■ **TASK DESCRIPTION**:
Below are some records; repeat them all exactly, minus the pictures.

■ **Captioned web image data**:
•••

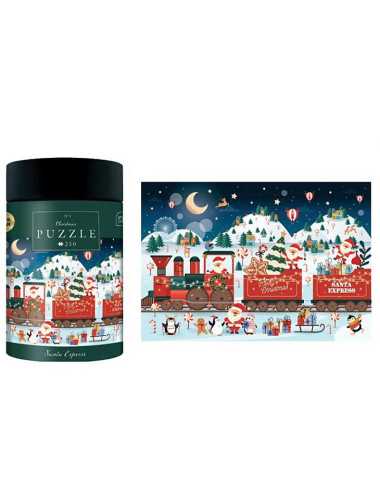 Παζλ 250κ Interdruk Christmas Santa Express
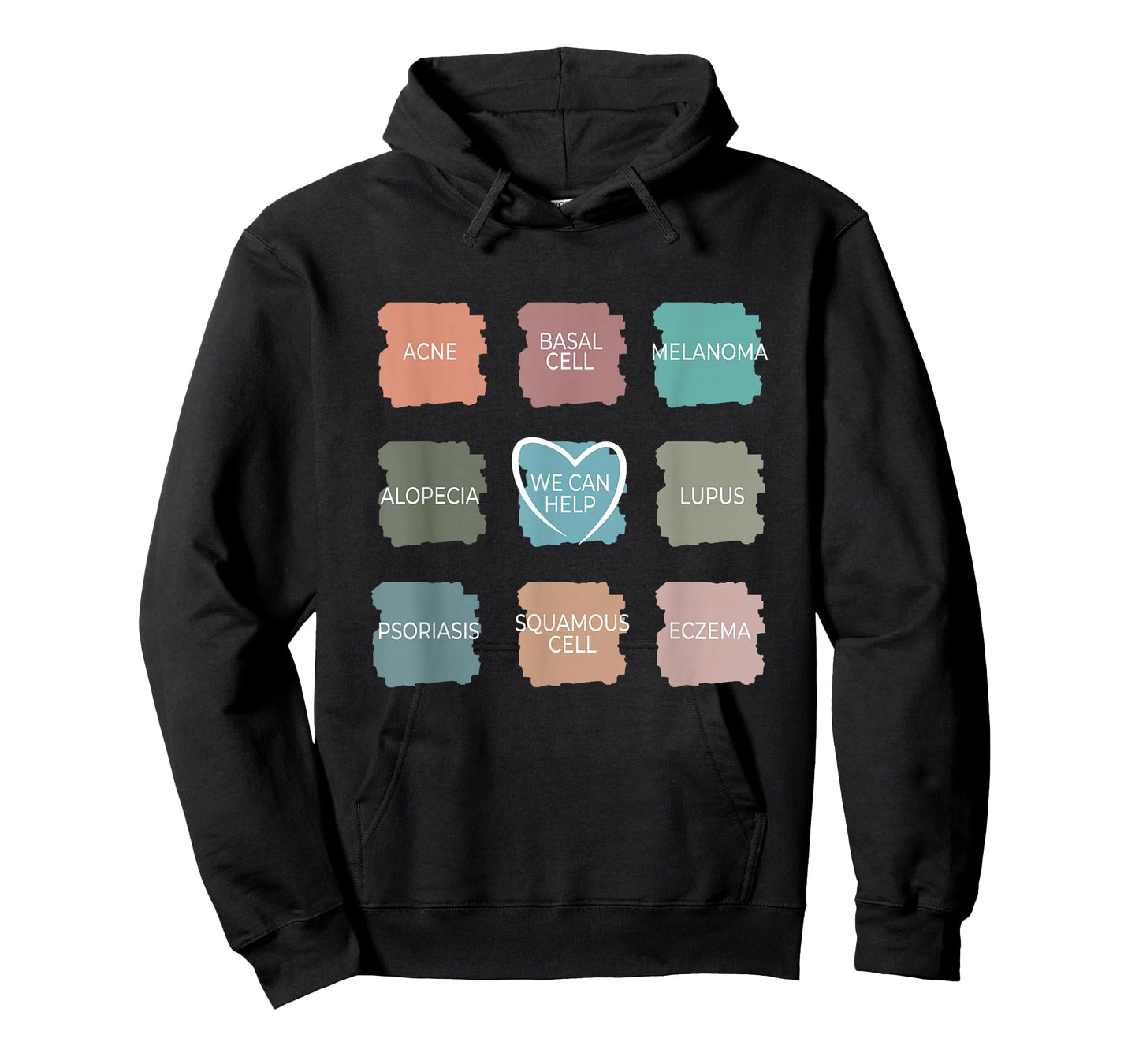 Dermatology Nurse - We Can Help Derm Dermatologist T-Shirt
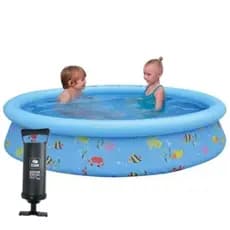 Piscina Inflável Redonda 1.000 Litros. Tamanho 168cm x 51cm. Resistente.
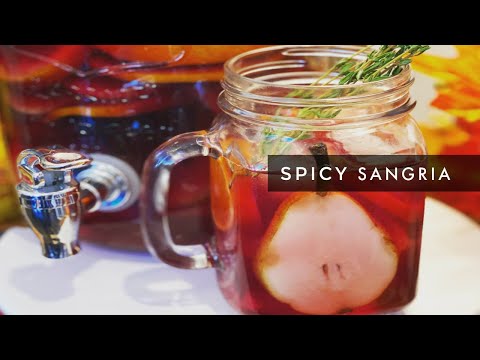 SPICY FALL SANGRIA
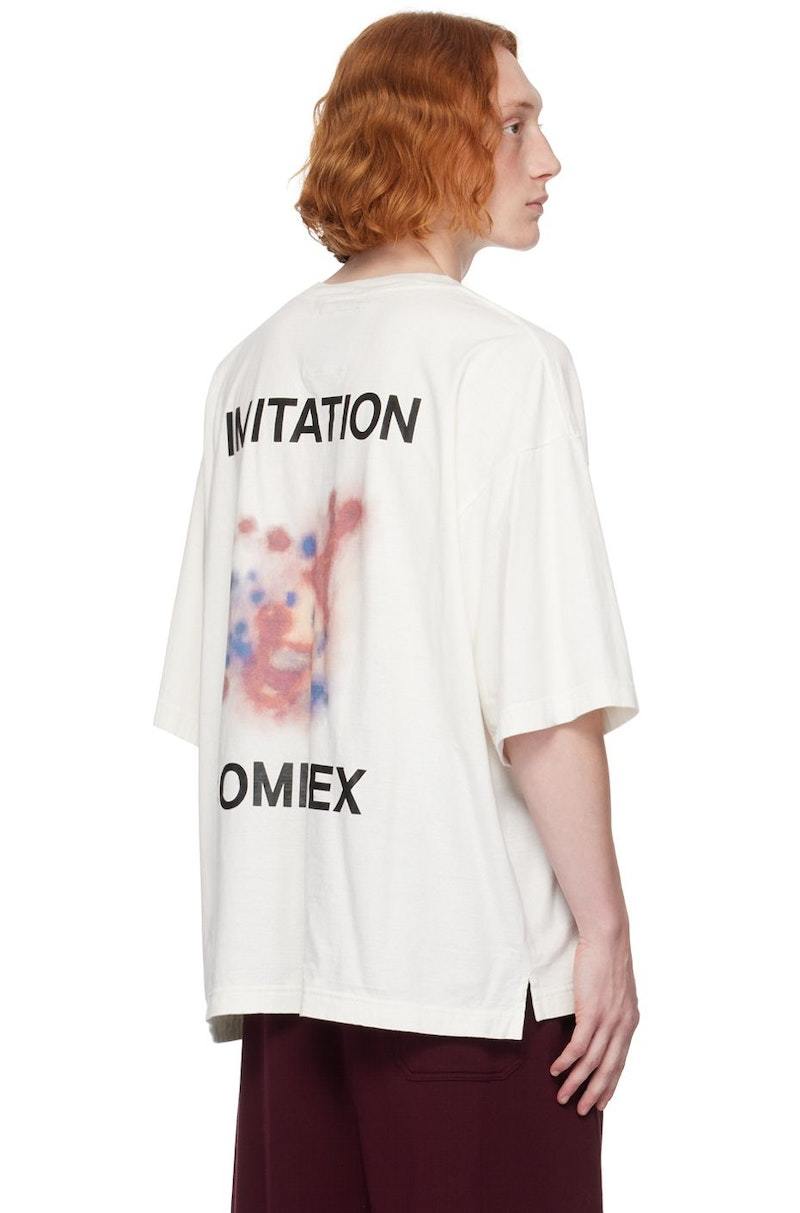 Mihara Yasuhiro Clown T-Shirt - White | Garmentory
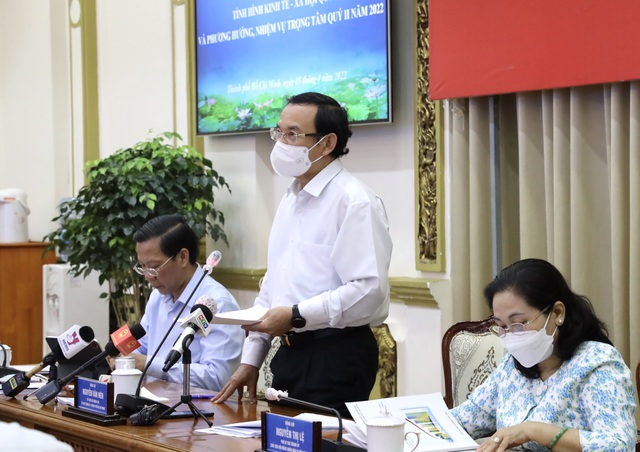 Kết quả KT-XH quý I là nỗ lực của Đảng bộ, chính quyền và nhân dân TPHCM - Ảnh 1.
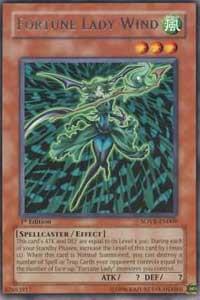 Fortune Lady Wind SOVR-EN009 card from Stardust Overdrive
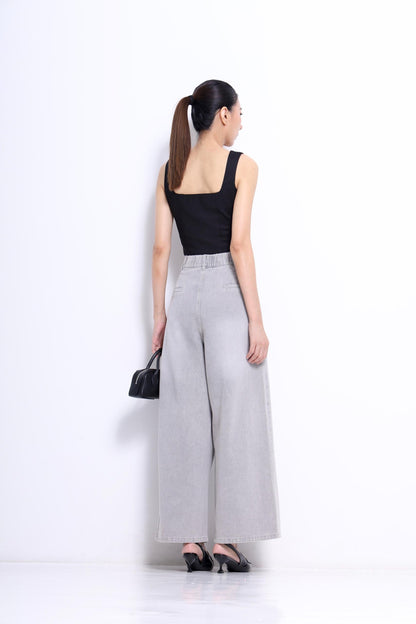 Jenn Wide Legged Denim Jeans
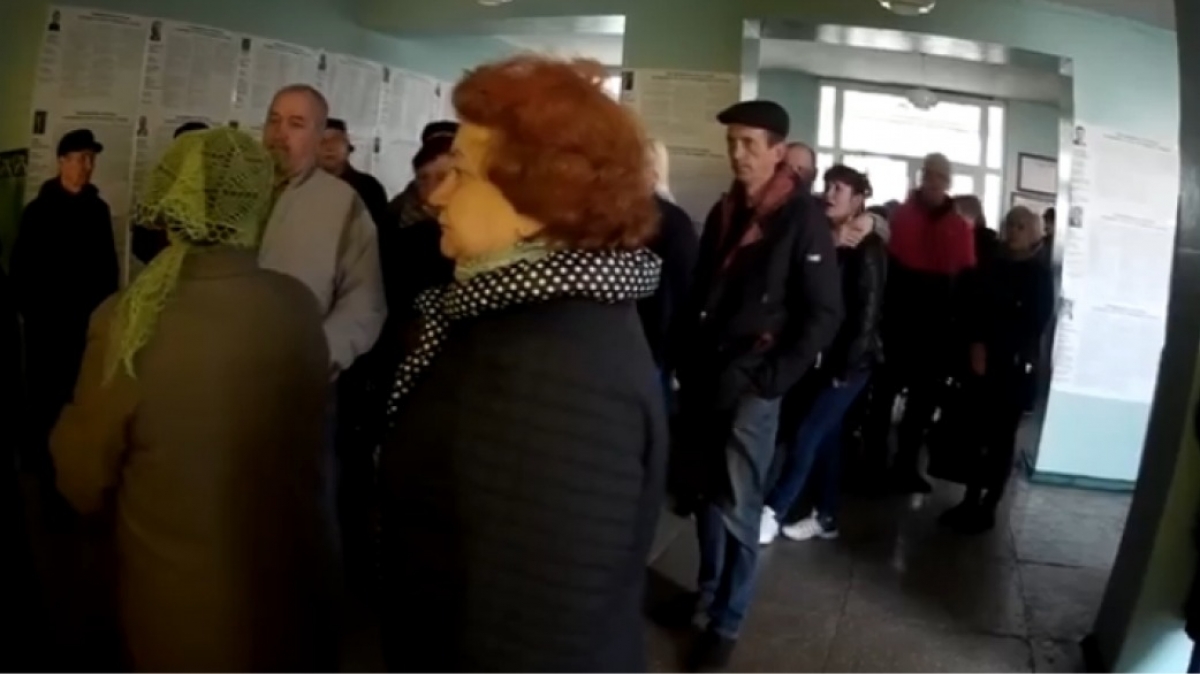 В Терновке вовремя не открыли один избирательный участок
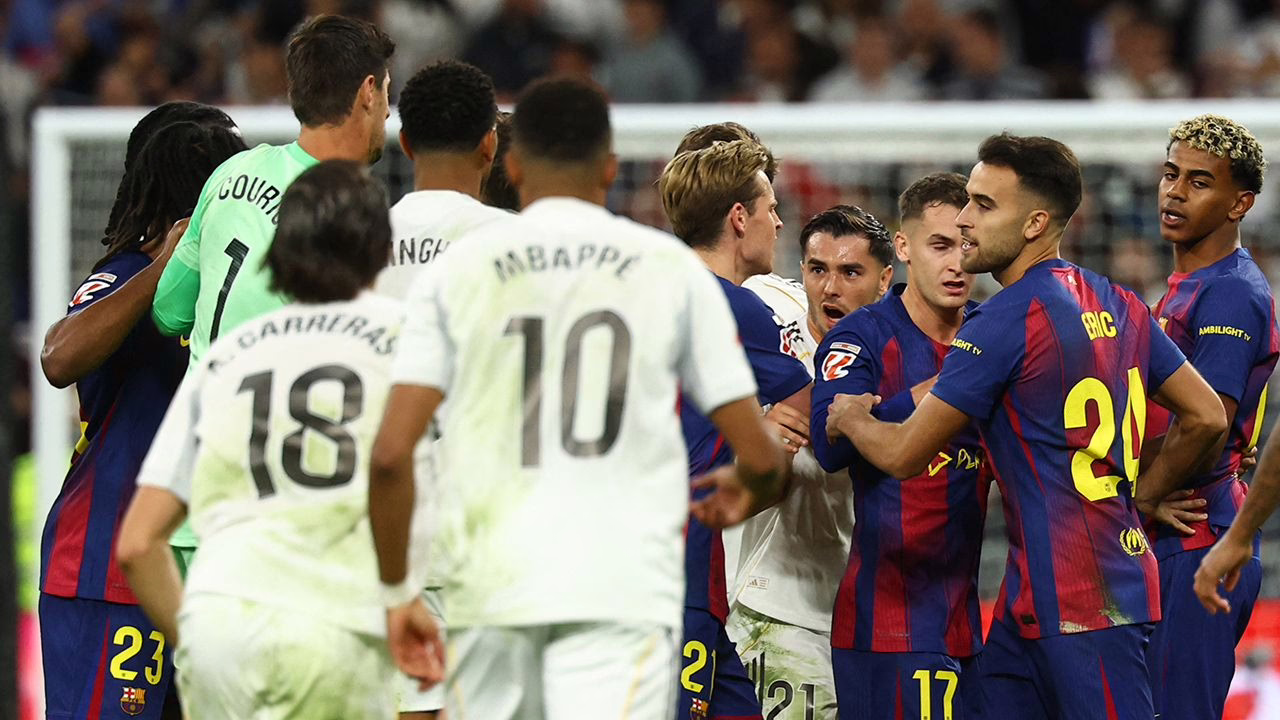 "Las conexiones con el Real Madrid están fracturadas", afirma Joan Laporta.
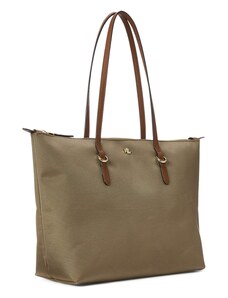 Lauren Ralph Lauren Shopper torba 'KEATON' karamela / taupe siva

•••

■ **RESULT BELOW**:
 Παζλ 250κ Interdruk Christmas Santa Express
 Dermatology Nurse - We Can Help Derm Dermatologist T-Shirt
 Piscina Inflável Redonda 1.000 Litros. Tamanho 168cm x 51cm. Resistente.
 SPICY FALL SANGRIA
 Mihara Yasuhiro Clown T-Shirt - White | Garmentory
 Kết quả KT-XH quý I là nỗ lực của Đảng bộ, chính quyền và nhân dân TPHCM - Ảnh 1.
 Fortune Lady Wind SOVR-EN009 card from Stardust Overdrive
 Jenn Wide Legged Denim Jeans
 В Терновке вовремя не открыли один избирательный участок
 "Las conexiones con el Real Madrid están fracturadas", afirma Joan Laporta.
 Lauren Ralph Lauren Shopper torba 'KEATON' karamela / taupe siva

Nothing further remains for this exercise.